9. Other provisions within RDC Part 34 are relevant because of the dispute between the parties as to whether or not a notice of discontinuance can be served in relation to an interlocutory application as opposed to a claim or part. RDC 34.4 continues on from RDC 34.3 as follows:
“… however:
(1) a claimant must obtain the permission of the court if he wishes to discontinue all or part of a claim in relation to which:
(a) the court has granted an interim injunction; or
(b) any party has given an undertaking to the court…
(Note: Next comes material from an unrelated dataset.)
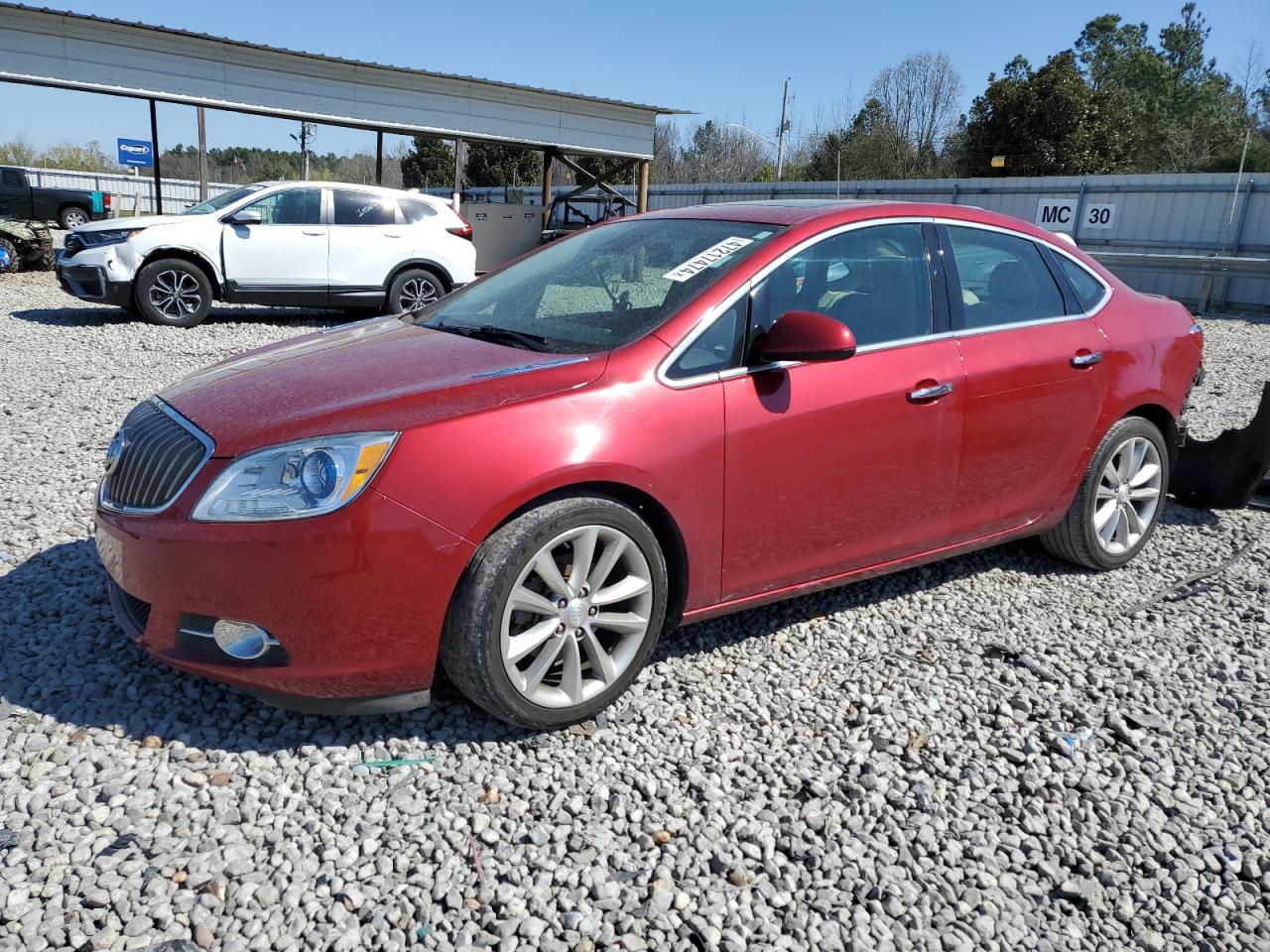 1G4PT5SV6F4151708 2015 Buick Verano Premium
(2) where the claimant has received an interim payment in relation to the claim, he may discontinue the claim only if:
(a) the defendant who makes the interim payment consents in writing, or
(b) the court gives permission…
(3) where there is more than one claimant, a claimant may not discontinue unless
(a) every other claimant consents in writing, or
(b) the court gives permission…”.
The procedure for discontinuing is then set out at RDC 34.6 and following. The liability for costs that follows is dealt with at RDC 34.15, with RDC 34.12 providing that discontinuance against any defendant takes effect on the date when the notice of discontinuance is served. By RDC 34.16:
“… a claimant who discontinues a claim … needs the permission of the court to make another claim against the same defendant if (1) he discontinued the claim after the defendant had filed a defence, and (2) the other claim arises out of facts which are the same, or substantially the same, as those relating to the discontinued claim.”
10. The Defendant submits and I accept, that RDC Part 34 is a self-contained code limited by its terms to the discontinuance of a claim or part of a claim contained in originating process issued by the court under either RDC Part 7 or RDC Part 8 or conceivably a counterclaim filed in proceedings commenced by RDC Part 7 or RDC Part 8 claim form.
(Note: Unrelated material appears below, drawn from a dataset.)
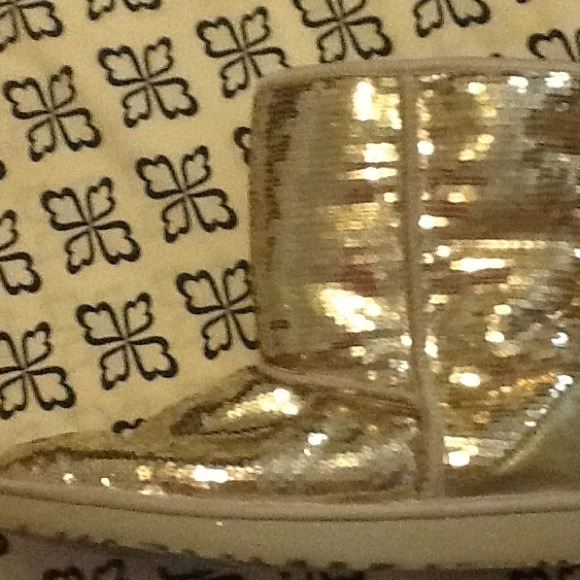 Silver sequins uggs - Picture 4 of 4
11. That this analysis is the correct analysis, is obvious as a matter of construction and is supported by English authority in relation to a rule which as I have said is in materially identical terms as the relevant RDC rules. Turning first to authority, the relevant authority for present purposes is the decision of His Honour Judge Paul Matthews, sitting as a judge at the High Court in Otto and others v Inner Mongolia Happy Lamb Catering Management Company and others [2023] EWHC 2920 (Ch); [2024] costs LR 57. The principle to be derived from that authority is that the decision to withdraw an interim injunction application was not a discontinuance under the equivalent civil procedure rules to RDC Part 34, because whilst an interim injunction was not part of the final relief sought in the claim, it did not follow that it amounted to a separate claim under the rule. The judge held that a claim under CPR Part 38 was whatever was the subject of the claim form or other originating process – see paragraph 15 of the judge’s judgment.
12. In my judgment, Judge Matthews’ analysis and conclusion are correct and should be given effect to in this jurisdiction. Whilst it is true to say that the word “claim” is not a defined term within the RDC, any more than it is within the CPR, the relevant rule must be read in its correct procedural context and in the context of RDC Part 34 when read as a whole. The application was not a claim in the sense that word was intended to be understood. That a claim was meant to mean what it was held to mean in Otto (ibid.) is apparent from the terms of RDC 34.4, all of which can only be of any relevance in the context of the discontinuance of a claim or part of a claim contained in originating process. Similarly, that follows from RDC 34.16 when it is read as a whole together with all the other provisions within Part 34.
13. In those circumstances, I have no hesitation in concluding that the Notice of Discontinuance was not effective as a withdrawal, and therefore, if the Set Aside Application is to be withdrawn that can be achieved only by (i) consent or (ii) an application to amend it or (iii) an application for permission to withdraw it. If none of these routes are taken, the only other possibility is that the Set Aside Application is dismissed either by consent or otherwise because the Set Aside Application is not moved by the Defendant. The route that the Defendant has chosen to adopt is to issue the Withdrawal Application, which is the Application I now turn to.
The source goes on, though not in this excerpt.